I am feeling pressed and struck down by traditional, possibly colonial approaches to education in Uganda. Five years ago I taught grammar and comprehension to primary-leaving pupils in a Ugandan government school. For pupils who struggled to read and write, I was following the curriculum and teaching them complex grammar structures and comprehension.
This year I am excited, but a little daunted, that we are beginning a nursery teacher’s training college to help future teachers so our children will no longer have difficulties at the end of primary. I sat down this afternoon to take a look at curriculum planning and end of year exams (set by one of the national universities) and when I read two of the papers my heart just dropped (or actually sped up). The first half of the ‘Language Development and Teaching’ paper is just like an end of primary English paper, full of ‘fill in the blanks’ grammar questions, rewrite the sentence using a different sentence structure and reading comprehension. How, oh how is this preparing teachers to teach language development to 3-6 year olds?

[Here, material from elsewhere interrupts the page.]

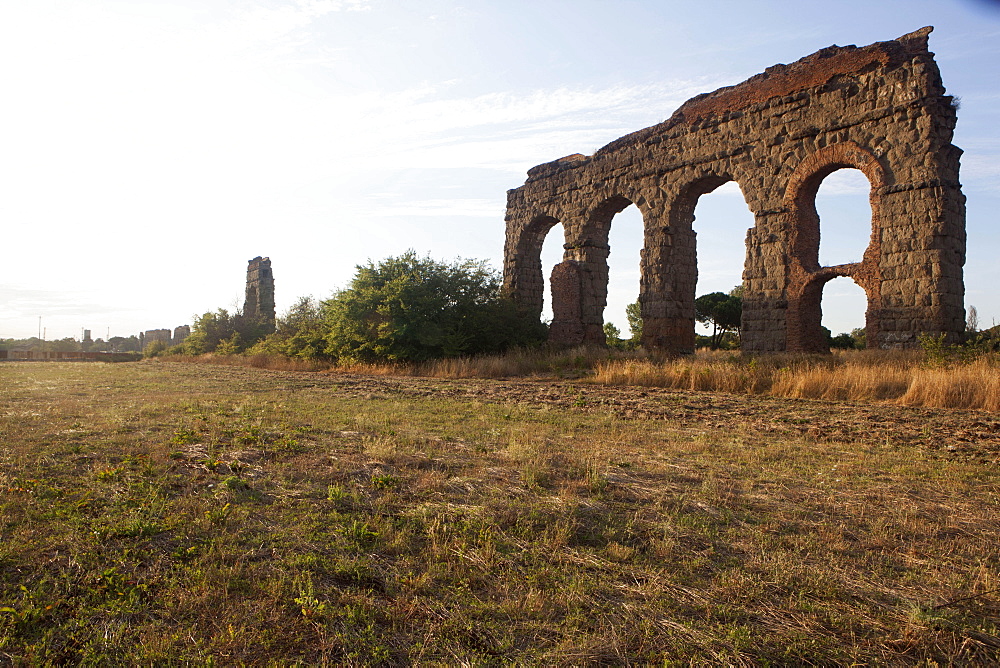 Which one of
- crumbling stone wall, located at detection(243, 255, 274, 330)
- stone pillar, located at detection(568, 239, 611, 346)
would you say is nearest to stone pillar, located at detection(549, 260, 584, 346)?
stone pillar, located at detection(568, 239, 611, 346)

And if this is what the paper looks like, this is certainly what teaching content looks like. There is no wonder that early childhood teachers graduate college not knowing how to teach reading and writing well and how to develop children’s language.
I have also included for your enjoyment a snippet of the ‘Teaching Mathematics to Young Children’ paper, set by the national university. Same deep gut feeling. The rest of the exam is very theory heavy questions with an early childhood focus. Rote learning teaching methods would probably help them pass, but I refuse to go down that path!
Now: to attempt a timetable that will balance preparing future early childhood teachers to pass these tests, as well as to help them be creative, inspiring, critical-thinking, reflective practitioners.